Culture of Life
BY Andrew Abela
January 2-15, 2011 Issue | Posted 12/29/10 at 11:10 AM
Is it morally acceptable to make a profit? Is the main purpose of a business to make profit?
There is no question that profits are morally acceptable.
“The Church acknowledges the legitimate role of profit as an indication that a business is functioning well.” — John Paul II, Centesimus Annus, 35
“Profits are necessary. … They make possible the investments that ensure the future of a business and they guarantee employment.” — Catechism of the Catholic Church, 2432
However, profit should not be seen as the only goal of a business.
“... the purpose of a business firm is not simply to make a profit, but is to be found in its very existence as a community of persons who in various ways are endeavoring to satisfy their basic needs, and who form a particular group at the service of the whole of society.” — John Paul II, Centesimus Annus, 35
Still less should it be seen as the highest goal of a business, where everything else is subordinated to profitability.
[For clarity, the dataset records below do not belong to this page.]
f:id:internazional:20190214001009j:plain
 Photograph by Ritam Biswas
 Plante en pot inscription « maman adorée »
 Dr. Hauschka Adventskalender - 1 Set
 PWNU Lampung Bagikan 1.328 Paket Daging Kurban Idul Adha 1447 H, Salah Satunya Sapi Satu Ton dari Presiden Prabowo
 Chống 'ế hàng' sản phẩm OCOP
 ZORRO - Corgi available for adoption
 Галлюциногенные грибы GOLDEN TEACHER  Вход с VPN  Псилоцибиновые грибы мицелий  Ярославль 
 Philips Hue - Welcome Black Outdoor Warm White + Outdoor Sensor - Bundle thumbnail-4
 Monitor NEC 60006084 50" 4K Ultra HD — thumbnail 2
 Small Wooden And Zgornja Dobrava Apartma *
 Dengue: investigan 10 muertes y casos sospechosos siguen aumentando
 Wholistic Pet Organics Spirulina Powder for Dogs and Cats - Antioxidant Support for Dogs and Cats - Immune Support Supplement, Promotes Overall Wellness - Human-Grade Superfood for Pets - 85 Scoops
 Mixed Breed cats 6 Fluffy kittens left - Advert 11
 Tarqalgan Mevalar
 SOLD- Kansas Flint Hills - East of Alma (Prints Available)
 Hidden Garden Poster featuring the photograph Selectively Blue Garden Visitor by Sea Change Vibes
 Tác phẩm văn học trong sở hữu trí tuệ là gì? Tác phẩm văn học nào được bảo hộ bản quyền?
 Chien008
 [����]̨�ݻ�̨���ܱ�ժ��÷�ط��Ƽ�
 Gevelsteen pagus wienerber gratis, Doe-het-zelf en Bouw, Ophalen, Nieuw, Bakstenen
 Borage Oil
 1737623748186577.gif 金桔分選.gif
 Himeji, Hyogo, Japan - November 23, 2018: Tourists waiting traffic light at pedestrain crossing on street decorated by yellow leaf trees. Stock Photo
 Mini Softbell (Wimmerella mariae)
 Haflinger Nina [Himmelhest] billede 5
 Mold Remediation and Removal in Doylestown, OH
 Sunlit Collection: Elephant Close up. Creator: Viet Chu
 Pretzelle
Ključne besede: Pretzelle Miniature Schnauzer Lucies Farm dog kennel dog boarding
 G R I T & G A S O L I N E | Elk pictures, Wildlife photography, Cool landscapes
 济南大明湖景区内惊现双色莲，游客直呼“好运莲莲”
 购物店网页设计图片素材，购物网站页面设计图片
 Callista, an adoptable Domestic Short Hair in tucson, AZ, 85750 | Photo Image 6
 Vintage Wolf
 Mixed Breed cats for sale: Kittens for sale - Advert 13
“A theory that makes profit the exclusive norm and ultimate end of economic activity is morally unacceptable.” — Catechism of the Catholic Church, 2424
“Profit is useful if it serves as a means towards an end that provides a sense both of how to produce it and how to make good use of it. Once profit becomes the exclusive goal, if it is produced by improper means and without the common good as its ultimate end, it risks destroying wealth and creating poverty.” — Benedict XVI, Caritas in Veritate, 21
“Christians charged with responsibility in the business world are challenged to combine the legitimate pursuit of profit with a deeper concern for the spread of solidarity … ” — John Paul II, Message to the participants in the conference on “The Business Executive: Social Responsibility and Globalization” (March 3, 2004)
Do we have a moral obligation to protect the capital that is entrusted to us as investment in our business?
Clearly yes. No one is served if the bottom line is ignored, leading to the business going bankrupt.
“Man, to whom, in Genesis, God entrusted the earth, has the duty to make all the earth’s goods fruitful, committing himself to use them to satisfy the multiple needs of each member of the human family. One of the recurring metaphors of the Gospel is, in effect, exactly that of the steward. With the heart of a faithful administrator man must, therefore, administer the resources entrusted to him by God, putting them at the disposition of all.” — Benedict XVI, Address to the members of the “Centesimus Annus — Pro Pontifice” Foundation (May 31, 2008)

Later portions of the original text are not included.